Pick one or two bases rather than moving every night.

Apollo Bay

££ mid-range

The natural mid-road base: a working fishing town with a sandy bay, pubs and motels, roughly halfway so you split the driving and can do the Otways and Apostles either side. Best all-rounder for a two-night trip.

Best for: Splitting the drive, the Otway detour

Browse hotels ~187km / 2h30 from Melbourne

Port Campbell

££ mid-range

A small clifftop village minutes from the Twelve Apostles and Loch Ard Gorge — the move if your priority is sunrise and sunset at the rock stacks without a pre-dawn drive. Limited rooms, so book ahead in summer.
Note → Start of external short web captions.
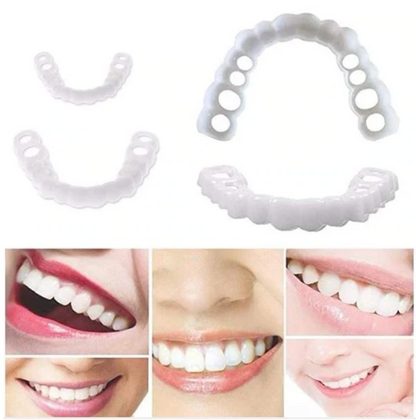 Bright Smile Dental Facet Kit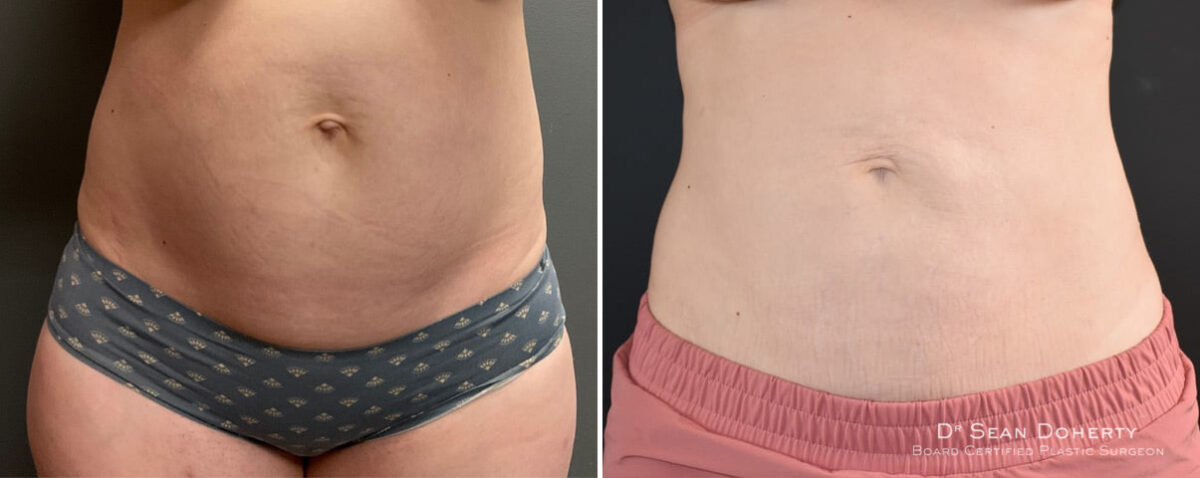 Liposuction Before and After Photos in Boston, MA, Patient 12117
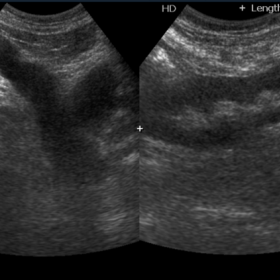 Renal graft B mode Doppler evaluation demonstrating normal corticomedullary differentiation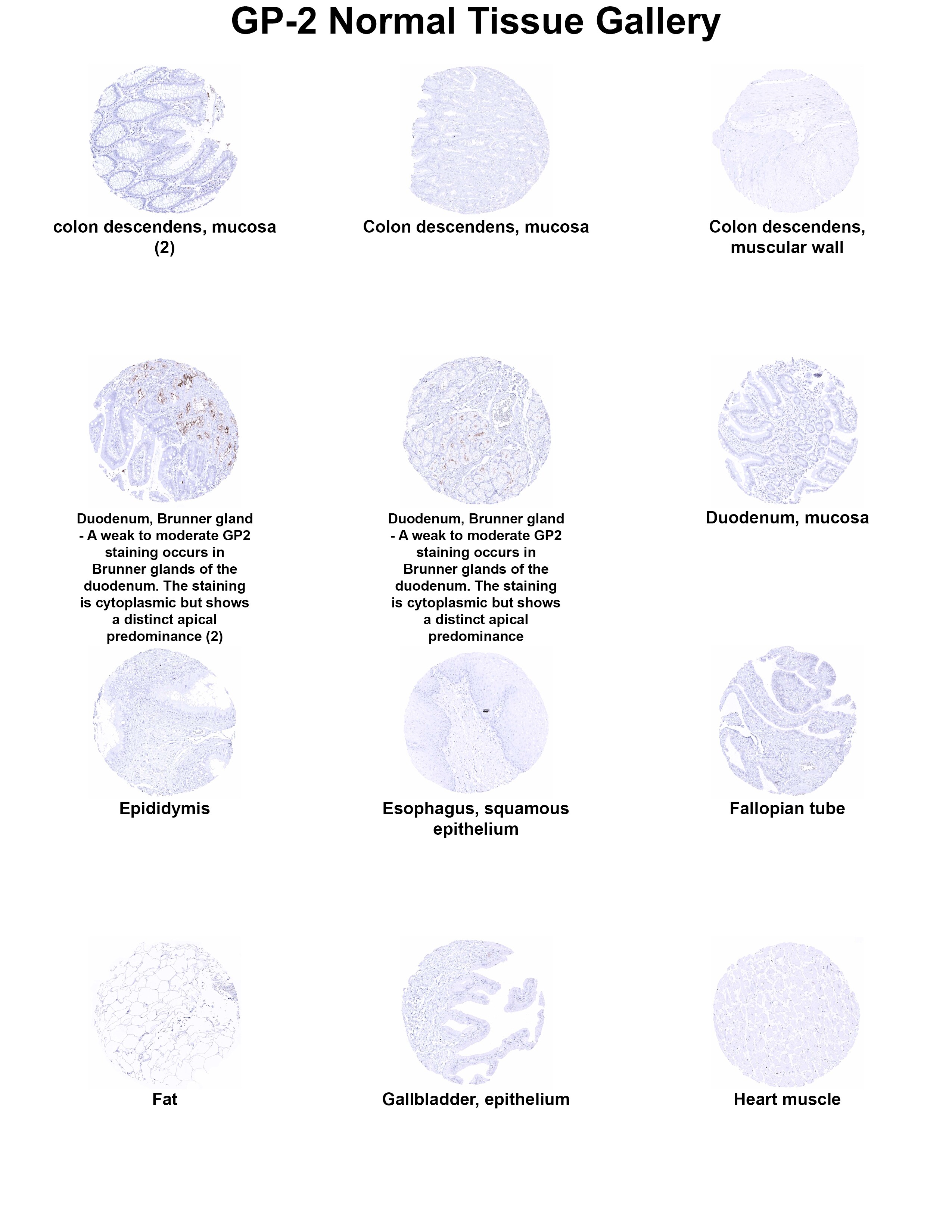 GP2 Antibody (MSVA-475M) - Azide and BSA Free GP2 Antibody (MSVA-475M) - Azide and BSA Free GP2 Normal Tissue Gallery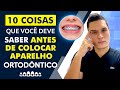 10 COISAS QUE VOCÊ DEVE SABER ANTES DE COLOCAR APARELHO ORTODÔNTICO!!!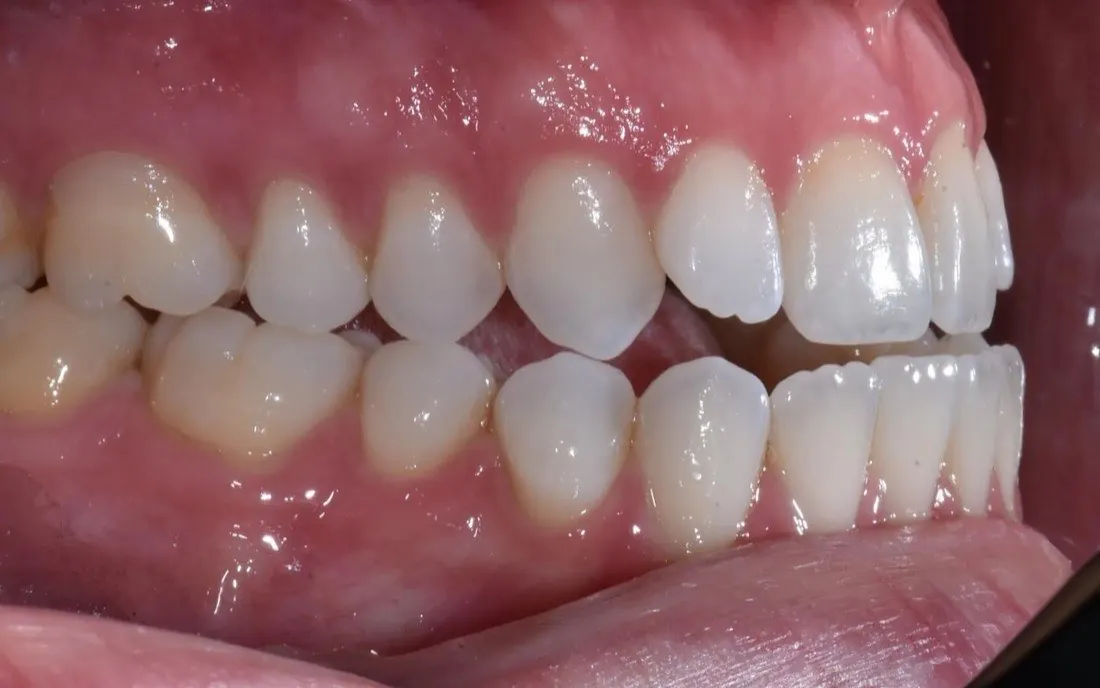A patient’s teeth before lingual braces treatment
Best for: Twelve Apostles golden hour

Browse hotels ~230km / ~4h via the coast

Lorne

£££ premium

The prettiest and busiest resort town on the eastern half: a proper beach, cafés and the Erskine Falls walk on its doorstep. Closer to Melbourne and good for a one-night taster, but it's an early start to reach the Apostles from here.
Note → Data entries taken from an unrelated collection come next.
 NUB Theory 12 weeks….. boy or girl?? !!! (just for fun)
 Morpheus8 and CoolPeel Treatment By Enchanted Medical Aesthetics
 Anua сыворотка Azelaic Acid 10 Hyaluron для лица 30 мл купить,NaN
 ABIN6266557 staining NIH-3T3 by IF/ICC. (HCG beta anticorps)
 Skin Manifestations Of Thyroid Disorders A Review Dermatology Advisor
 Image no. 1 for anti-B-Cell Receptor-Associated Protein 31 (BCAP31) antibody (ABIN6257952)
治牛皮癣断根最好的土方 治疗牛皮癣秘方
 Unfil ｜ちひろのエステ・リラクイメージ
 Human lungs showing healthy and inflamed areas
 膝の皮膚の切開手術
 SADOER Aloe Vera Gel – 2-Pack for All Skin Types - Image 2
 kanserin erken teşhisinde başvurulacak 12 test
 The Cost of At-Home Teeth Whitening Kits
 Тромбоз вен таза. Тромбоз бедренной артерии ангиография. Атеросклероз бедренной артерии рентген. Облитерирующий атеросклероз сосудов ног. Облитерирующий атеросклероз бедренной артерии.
Best for: A shorter trip or surf-coast stay

Browse hotels ~140km / 2h from Melbourne

Getting around Great Ocean Road

This is a self-drive region — there's no train along the coast and public buses (the V/Line Apollo Bay service) are slow and infrequent, so a hire car is effectively essential unless you take a tour. Pick the car up in central Melbourne rather than at Tullamarine arrivals, where one-way and airport fees push the daily rate up. Budget on roughly A$55–90 (~£29–48) a day for a small car. The B100 is single-carriageway, cliff-edge and full of blind bends, so the posted distances take far longer than they look — average around 50km/h on the coastal section. Australia drives on the left like the UK, which helps, but the road is genuinely tiring; swap drivers and don't try to do the whole thing in a day. If you'd rather not drive, full-day small-group tours from Melbourne run about A$120–180 (~£63–95).

Book the essentials

Where to stay

Browse staysvia Booking.com

Tours & tickets

Book tours & ticketsvia GetYourGuide

Airport transfers

Pre-book a transfervia Welcome Pickups

Car hire

Compare car hirevia DiscoverCars

Stay connected

Get an eSIMvia Airalo
See the full Australia guide

Great Ocean Road FAQs

How long do you need for the Great Ocean Road?
Two days and one night is the realistic minimum to enjoy it — overnight at Apollo Bay or Port Campbell so you reach the Twelve Apostles in good light rather than rushing back to Melbourne. Three days lets you add the Otway rainforest and the surf coast. The single-day round trip is ~600km of winding driving and is the version most people regret.
Should you do the Great Ocean Road as a day trip or self-drive?
Self-drive and overnight if you can — a day tour from Melbourne packs ~600km into 12 hours with brief, crowded stops and arrives at the Apostles in flat midday light. Hiring a car (~A$55–90/day) and staying a night lets you catch sunrise or sunset at the rock stacks with far fewer people. Take a tour only if you can't or won't drive on the left.
What is the best time to drive the Great Ocean Road?
Australia's autumn (March to May) is the sweet spot: mild, stable weather, smaller crowds than the December–January summer peak, and the coast at its clearest. Avoid the school-holiday weeks of December–January when Lorne and Apollo Bay book out and the Apostles car park overflows. The road is open and drivable year-round, but winter brings rain and short days.